Diğerlerine göre ise, ister tarih, siyaset bilimi, Budizm ya da edebiyat dersleri olsun, üniversite eğitiminin bir noktasında herkesin okuduğu kitap Oryantalizm’in yazarıydı. Kitabı ben dört yaşındayken yazmıştı.

Onu basit bir İnglizceyle anlatmaya zorladığımda şöyle bir açıklama getirmişti: “Esas mefhum şu… tarih boyunca, edebiyat ya da sanat yoluyla olsun, “Doğu”, Batılı bir lensten görüldüğü şekliyle çarpıtılmış, alçaltılmış bir haldedir, öyle ki biz Batılıların aşina diye nitelendireceğimizden “başka” her şey artık sadece egzotik, gizemli ve duygusal olmakla kalmaz, aynı zamanda doğası gereği değersizdir.”

Biliyorsun, Aladdin gibi.

Esasen babamdan dolayı insanlar “Oryantal” yerine artık “Asya Amerikalı” terimini kullanıyorlar.

Başkalarına göre de babam, Filistin self determinasyon (kendi geleceğini tayin hakkı) mücadelesinin sembolü, insan hakları, eşitlik ve sosyal adalet savunucusudur. “Gücün karşısında gerçeği dile getirmiş bir hümanist.”

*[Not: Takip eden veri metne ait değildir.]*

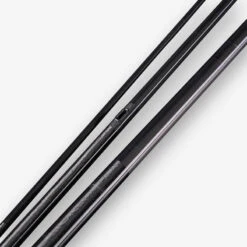 CANNE A EMMANCHEMENT CARPOVER 100 DE 8M POUR LA PECHE DE LA CARPE AU COUP 11 CANNE A EMMANCHEMENT CARPOVER 100 DE 8M POUR LA PECHE DE LA CARPE AU COUP -Pêche Soldes canne a emmanchement carpover 100 de 8m pour la peche de la carpe au coup 2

Diğer bazı kişilere göre ise onun terörist olduğunda ısrarcı; gerçi onu tanıyan herkes bilir ki bu Gandhi’ye terörist demek gibi bir şey.

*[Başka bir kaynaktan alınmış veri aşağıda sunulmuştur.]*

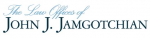 John J. Jamgotchian, Esq. (Woodland Hills, California)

Benim için ise o benim babam, Londra’da bir terzi elinden çıkma üç parçalı takım elbisesi içinde şık bir adam. Kimi zaman İngiliz, kimi zaman Amerikan o garip aksanıyla bana ateşli bir şekilde bağıran sonra (beş dakika kadar sonra) sinirlendiğini unutan sevimli yaşlı adam; bana tüm dünyadan hediyeler getiren, benimle Jane Eyre –on iki yaşımdayken en favori kitabım– hakkında konuşan, ağladığımda bana sarılan insan. Tenis ve squash oynardı, Volvo’ya binerdi, pipo içer, kalem biriktirirdi. Profesördü. Babamdı.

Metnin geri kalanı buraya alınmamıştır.